* [PROBLEM DETAILS]: Below are entries; output exactly the lines from the one with "An L Munro signed" to the one with "Joyful white young-adult", both included, and nothing else.

[Start of section]

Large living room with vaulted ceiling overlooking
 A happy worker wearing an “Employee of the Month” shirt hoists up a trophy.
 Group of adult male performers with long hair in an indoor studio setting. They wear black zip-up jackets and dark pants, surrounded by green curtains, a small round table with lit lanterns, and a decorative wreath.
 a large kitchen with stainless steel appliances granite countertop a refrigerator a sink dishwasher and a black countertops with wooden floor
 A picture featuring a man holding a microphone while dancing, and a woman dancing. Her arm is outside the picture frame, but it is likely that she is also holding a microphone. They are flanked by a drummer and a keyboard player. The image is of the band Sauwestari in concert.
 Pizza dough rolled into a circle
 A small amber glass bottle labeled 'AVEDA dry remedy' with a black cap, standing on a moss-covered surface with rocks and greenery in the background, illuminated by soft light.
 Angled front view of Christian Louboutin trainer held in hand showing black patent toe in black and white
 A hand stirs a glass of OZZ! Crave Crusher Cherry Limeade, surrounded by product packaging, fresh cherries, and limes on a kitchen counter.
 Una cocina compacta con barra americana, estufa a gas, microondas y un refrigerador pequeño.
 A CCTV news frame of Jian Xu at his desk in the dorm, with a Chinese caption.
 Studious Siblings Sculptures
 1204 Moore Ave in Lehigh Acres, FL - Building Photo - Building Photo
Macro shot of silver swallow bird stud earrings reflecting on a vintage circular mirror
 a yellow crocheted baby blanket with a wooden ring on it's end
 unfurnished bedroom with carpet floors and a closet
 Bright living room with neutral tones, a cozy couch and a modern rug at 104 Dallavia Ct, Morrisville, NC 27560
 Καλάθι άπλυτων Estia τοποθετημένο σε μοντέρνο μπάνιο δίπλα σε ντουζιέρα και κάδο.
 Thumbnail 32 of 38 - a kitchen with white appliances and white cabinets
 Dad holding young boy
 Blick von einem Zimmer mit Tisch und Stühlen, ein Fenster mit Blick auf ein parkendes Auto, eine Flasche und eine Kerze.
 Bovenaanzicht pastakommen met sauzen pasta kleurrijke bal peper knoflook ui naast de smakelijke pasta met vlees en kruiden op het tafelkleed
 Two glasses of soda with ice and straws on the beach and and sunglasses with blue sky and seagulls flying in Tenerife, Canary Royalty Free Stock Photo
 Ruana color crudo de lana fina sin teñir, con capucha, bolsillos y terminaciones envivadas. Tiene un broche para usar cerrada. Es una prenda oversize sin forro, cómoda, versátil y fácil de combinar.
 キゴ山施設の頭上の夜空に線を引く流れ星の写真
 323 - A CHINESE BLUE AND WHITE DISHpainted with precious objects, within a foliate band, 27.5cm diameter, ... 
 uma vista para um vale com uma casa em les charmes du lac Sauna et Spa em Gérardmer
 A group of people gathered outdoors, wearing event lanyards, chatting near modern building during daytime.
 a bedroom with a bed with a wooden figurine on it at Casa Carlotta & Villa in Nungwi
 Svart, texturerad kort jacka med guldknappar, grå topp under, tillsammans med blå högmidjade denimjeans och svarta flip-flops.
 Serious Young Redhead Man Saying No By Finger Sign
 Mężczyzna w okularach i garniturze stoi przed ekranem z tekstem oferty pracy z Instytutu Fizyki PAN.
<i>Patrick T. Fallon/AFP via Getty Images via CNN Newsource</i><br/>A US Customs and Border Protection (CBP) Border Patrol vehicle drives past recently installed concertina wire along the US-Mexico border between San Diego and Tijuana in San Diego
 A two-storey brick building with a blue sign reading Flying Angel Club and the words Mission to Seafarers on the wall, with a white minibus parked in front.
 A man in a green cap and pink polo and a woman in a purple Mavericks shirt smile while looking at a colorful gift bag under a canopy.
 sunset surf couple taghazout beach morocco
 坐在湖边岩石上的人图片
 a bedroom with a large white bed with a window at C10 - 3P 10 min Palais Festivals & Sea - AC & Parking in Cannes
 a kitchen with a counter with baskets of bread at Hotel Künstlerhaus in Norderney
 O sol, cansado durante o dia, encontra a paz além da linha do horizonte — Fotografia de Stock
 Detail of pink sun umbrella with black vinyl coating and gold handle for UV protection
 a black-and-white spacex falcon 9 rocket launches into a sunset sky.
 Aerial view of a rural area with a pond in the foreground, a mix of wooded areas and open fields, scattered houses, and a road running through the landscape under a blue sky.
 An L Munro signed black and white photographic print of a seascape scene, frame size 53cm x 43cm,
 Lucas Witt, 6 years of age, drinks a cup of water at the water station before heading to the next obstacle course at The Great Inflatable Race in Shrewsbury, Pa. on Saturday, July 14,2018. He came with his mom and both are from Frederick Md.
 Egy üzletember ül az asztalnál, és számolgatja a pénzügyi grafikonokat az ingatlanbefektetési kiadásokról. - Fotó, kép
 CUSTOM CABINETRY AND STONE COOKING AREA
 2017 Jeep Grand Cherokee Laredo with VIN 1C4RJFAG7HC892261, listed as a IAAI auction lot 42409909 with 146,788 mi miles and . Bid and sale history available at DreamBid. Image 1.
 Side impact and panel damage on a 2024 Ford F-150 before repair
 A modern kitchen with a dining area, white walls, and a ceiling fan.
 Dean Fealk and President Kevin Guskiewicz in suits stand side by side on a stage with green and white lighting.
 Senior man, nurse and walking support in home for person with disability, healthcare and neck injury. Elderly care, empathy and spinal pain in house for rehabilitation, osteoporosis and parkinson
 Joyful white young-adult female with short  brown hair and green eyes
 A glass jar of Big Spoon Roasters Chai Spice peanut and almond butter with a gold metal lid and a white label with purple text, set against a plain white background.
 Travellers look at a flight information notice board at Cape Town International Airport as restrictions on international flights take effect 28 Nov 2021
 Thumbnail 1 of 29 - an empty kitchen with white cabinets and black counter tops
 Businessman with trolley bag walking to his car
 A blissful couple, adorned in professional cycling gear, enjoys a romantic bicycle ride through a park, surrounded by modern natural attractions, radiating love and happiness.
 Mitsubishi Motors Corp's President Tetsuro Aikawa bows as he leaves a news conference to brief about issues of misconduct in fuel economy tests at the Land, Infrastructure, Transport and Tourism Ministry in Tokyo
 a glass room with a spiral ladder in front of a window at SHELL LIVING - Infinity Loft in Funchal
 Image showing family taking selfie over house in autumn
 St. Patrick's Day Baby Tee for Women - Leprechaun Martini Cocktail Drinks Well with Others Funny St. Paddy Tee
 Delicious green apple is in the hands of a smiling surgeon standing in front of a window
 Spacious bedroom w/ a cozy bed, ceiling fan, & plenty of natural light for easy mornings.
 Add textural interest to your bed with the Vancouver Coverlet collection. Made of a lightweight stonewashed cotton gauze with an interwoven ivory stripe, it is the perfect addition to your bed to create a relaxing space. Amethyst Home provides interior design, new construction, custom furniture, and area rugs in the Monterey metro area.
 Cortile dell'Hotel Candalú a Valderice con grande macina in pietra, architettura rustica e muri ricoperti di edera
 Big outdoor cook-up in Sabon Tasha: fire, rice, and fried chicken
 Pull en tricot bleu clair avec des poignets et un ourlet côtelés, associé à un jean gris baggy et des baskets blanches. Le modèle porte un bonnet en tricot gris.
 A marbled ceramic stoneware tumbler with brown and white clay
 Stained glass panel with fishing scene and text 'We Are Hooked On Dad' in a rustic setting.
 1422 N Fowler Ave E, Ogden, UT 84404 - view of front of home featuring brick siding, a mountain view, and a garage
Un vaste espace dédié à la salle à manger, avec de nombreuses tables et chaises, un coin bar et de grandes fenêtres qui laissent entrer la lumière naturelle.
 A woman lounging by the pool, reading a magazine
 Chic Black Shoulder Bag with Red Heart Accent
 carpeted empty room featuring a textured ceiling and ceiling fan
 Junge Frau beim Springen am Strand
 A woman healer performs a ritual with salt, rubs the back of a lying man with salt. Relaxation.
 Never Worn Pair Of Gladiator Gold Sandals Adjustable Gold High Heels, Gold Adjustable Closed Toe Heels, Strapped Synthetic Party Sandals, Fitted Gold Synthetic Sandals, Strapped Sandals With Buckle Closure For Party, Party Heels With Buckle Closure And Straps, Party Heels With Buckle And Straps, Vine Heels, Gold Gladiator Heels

[End of section]

* [RESULT BELOW]:
 An L Munro signed black and white photographic print of a seascape scene, frame size 53cm x 43cm,
 Lucas Witt, 6 years of age, drinks a cup of water at the water station before heading to the next obstacle course at The Great Inflatable Race in Shrewsbury, Pa. on Saturday, July 14,2018. He came with his mom and both are from Frederick Md.
 Egy üzletember ül az asztalnál, és számolgatja a pénzügyi grafikonokat az ingatlanbefektetési kiadásokról. - Fotó, kép
 CUSTOM CABINETRY AND STONE COOKING AREA
 2017 Jeep Grand Cherokee Laredo with VIN 1C4RJFAG7HC892261, listed as a IAAI auction lot 42409909 with 146,788 mi miles and . Bid and sale history available at DreamBid. Image 1.
 Side impact and panel damage on a 2024 Ford F-150 before repair
 A modern kitchen with a dining area, white walls, and a ceiling fan.
 Dean Fealk and President Kevin Guskiewicz in suits stand side by side on a stage with green and white lighting.
 Senior man, nurse and walking support in home for person with disability, healthcare and neck injury. Elderly care, empathy and spinal pain in house for rehabilitation, osteoporosis and parkinson
 Joyful white young-adult female with short  brown hair and green eyes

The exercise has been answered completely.